All that’s left of Pennytown is a small church. Rotting skeletons of houses represent the remains of Pinhook. Much of Kinloch — which lies in the shadow of a major airport — is overgrown with weeds and covered with trash.
Once home to thousands, these three small black communities in different parts of Missouri are of a sort that was once common throughout the region. But these testaments to the state’s African-American history have all met a similar fate: They’re nearly empty, if not completely wiped from the map. Their residents and descendants are scattered, struggling to maintain their history and in some cases struggling to reclaim their homes.

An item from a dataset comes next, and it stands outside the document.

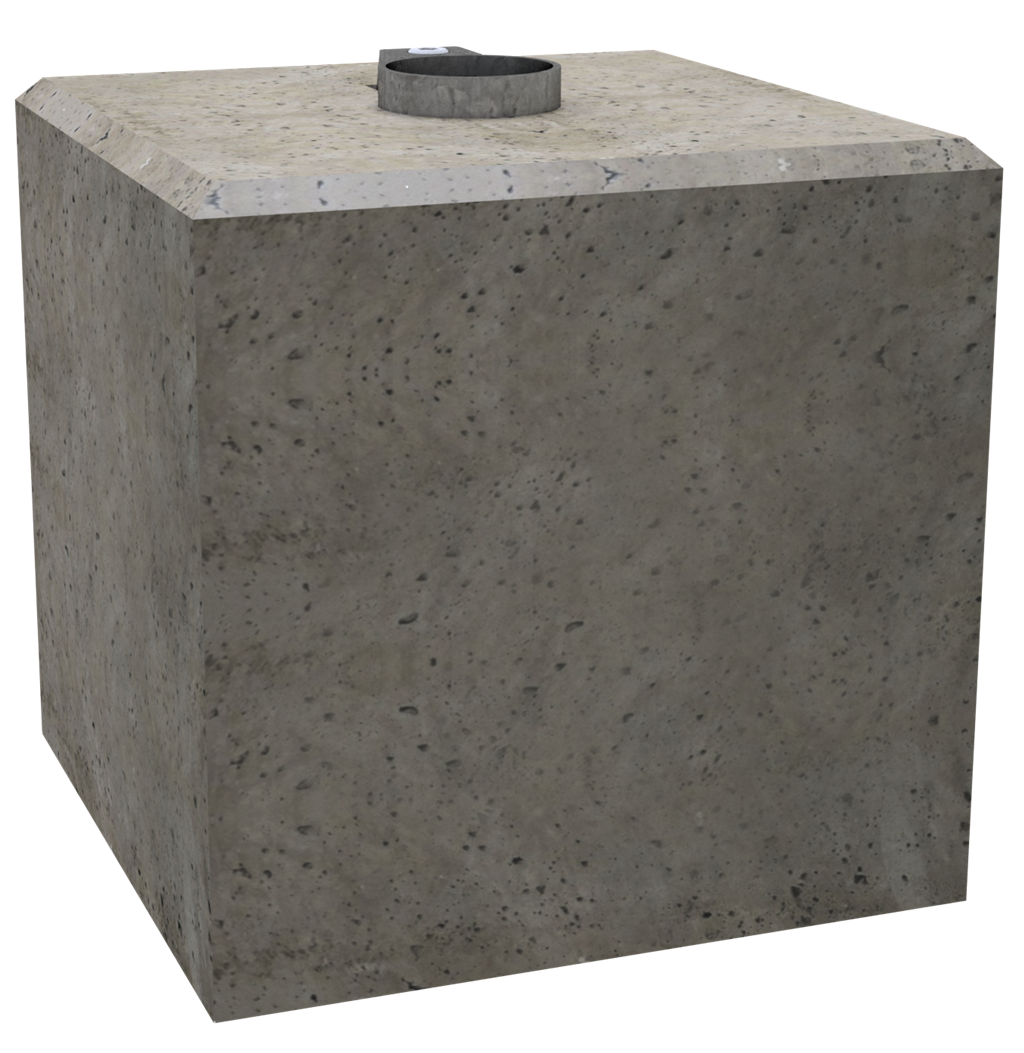 Fertigfundament für Schilderpfosten Ø 60 / 76 mm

“People don’t really think about African-Americans in the country,” said Todd Lawrence, a descendant of Pennytown residents. “They don’t think about African-Americans as farmers. They don’t think about African-Americans raising animals. And that’s certainly what [those communities] were. Those were places where black people lived in rural settings and thrived. We’re losing that sense, certainly in the Midwest, that there is this culture of rural blackness.”
Freed slaves founded Pennytown in 1871, and sharecroppers in the 1920s settled Pinhook. Kinloch is the oldest incorporated African-American community in Missouri.
“These are places where black people came to escape Jim Crow,” Lawrence said. “Those towns became a kind of paradise for black people, because it allowed them to create a space free from external oppression, to a certain extent.
“We can’t let the knowledge of these places pass into nothing.”